Alejandro Aravena (AP Photo/Eva Vergara)

A Chilean architect whose work has focused on sustainable design and social housing was awarded the Pritzker Prize, often called the Nobel for architects.

Alejandro Aravena, a 48-year-old designer from Santiago, was recognized Tuesday for his socially conscious design and commitment to fighting for “a better urban environment for all,” jury members said in a statement.

“His built work gives economic opportunity to the less privileged, mitigates the effects of natural disasters, reduces energy consumption and provides welcoming public space,” said Tom Pritzker, whose family funds the prize. “He shows how architecture at its best can improve people’s lives.”

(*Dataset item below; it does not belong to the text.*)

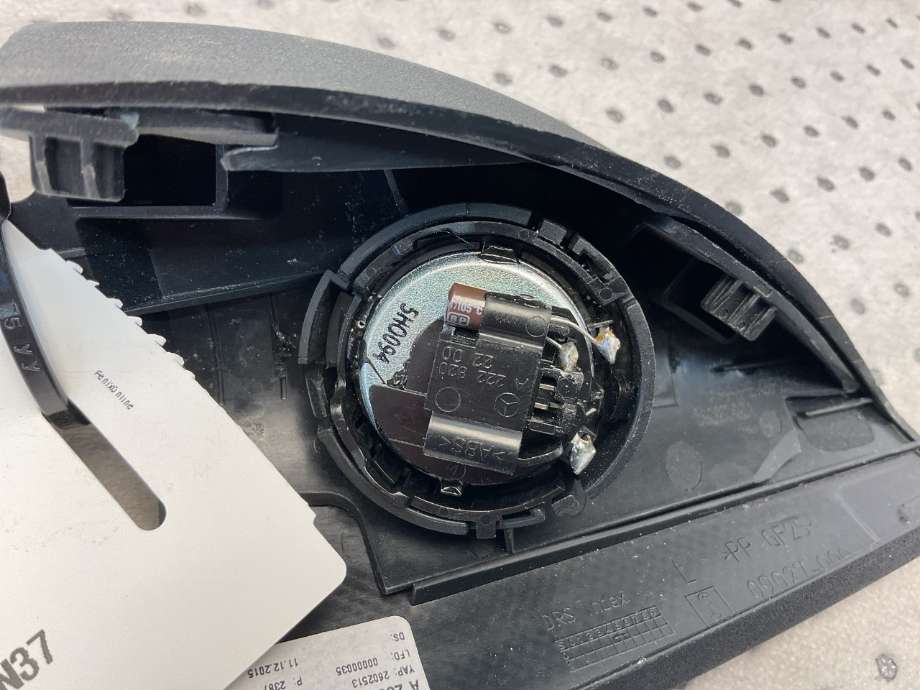 Bilstereo høyttaler til Mercedes GLC 2015-2022 (X253) (X253) (MERCEDES|A 222 820 22 00|)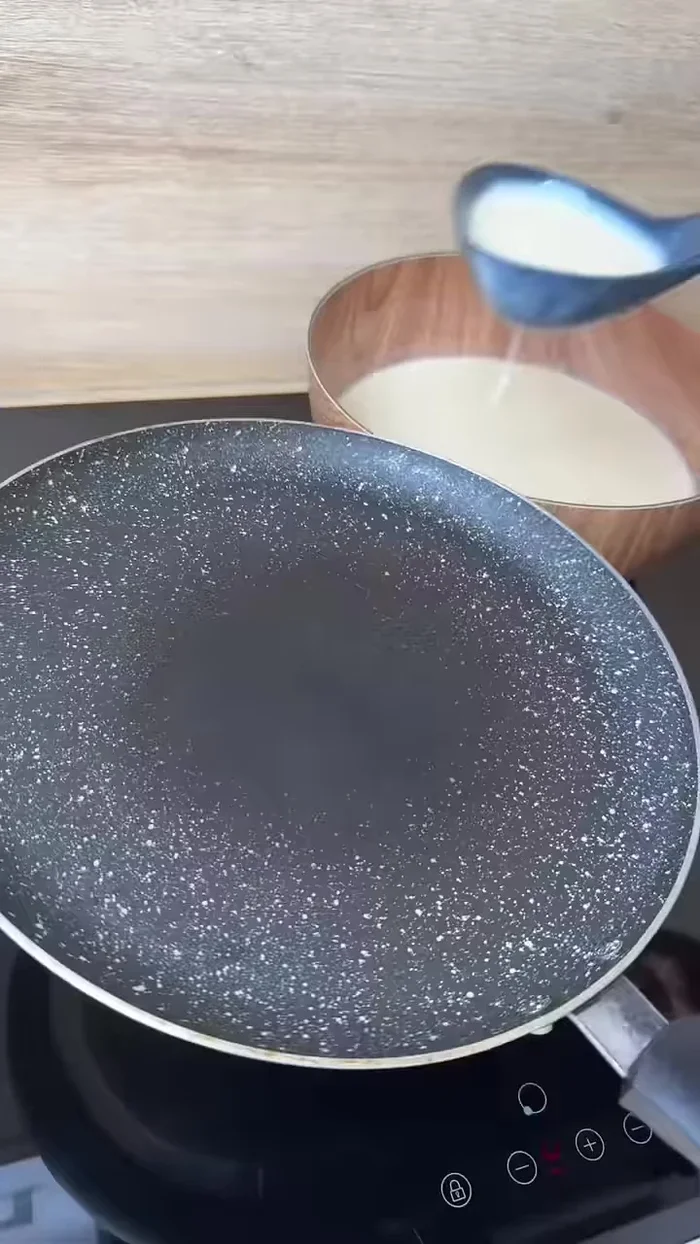 Huiler une poêle à crêpes.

Through his practice Elemental, which he joined as an executive director in 2001, Aravena focuses on projects with a public interest and social impact that address the challenges of 21st-century cities. Aravena and his team have produced more than 2,500 units of low-cost housing they call “half a good house,” because the design leaves space for residents to complete their home themselves. The low cost of the housing means Aravena can build the developments in more expensive areas, placing inhabitants in areas with good access to public transportation and better schools.

The left image shows how “half a good house” is given to a family, and the right shows how one family completed their house. (Credit: Elemental)

The Elemental team also participates in every phase of the complex process of creating the housing. They engage with politicians, lawyers, researchers, local authorities, builders and the future residents. Their goal extends beyond making good design, to creating new opportunities for those from underprivileged backgrounds.

But Aravena told Dezeen that although there’s a movement of more socially conscious designers, building regulations and politics often prevent similar solutions for problems like Europe’s mass influx of refugees.

“There’s [going to be] a billion people on the planet that will be needing housing,” Aravena said. “Unless we follow the incremental approach to tackle scarcity of means, we won’t solve this problem.”

Project by Pritzker winner Alejandro Aravena (Credit: Elemental)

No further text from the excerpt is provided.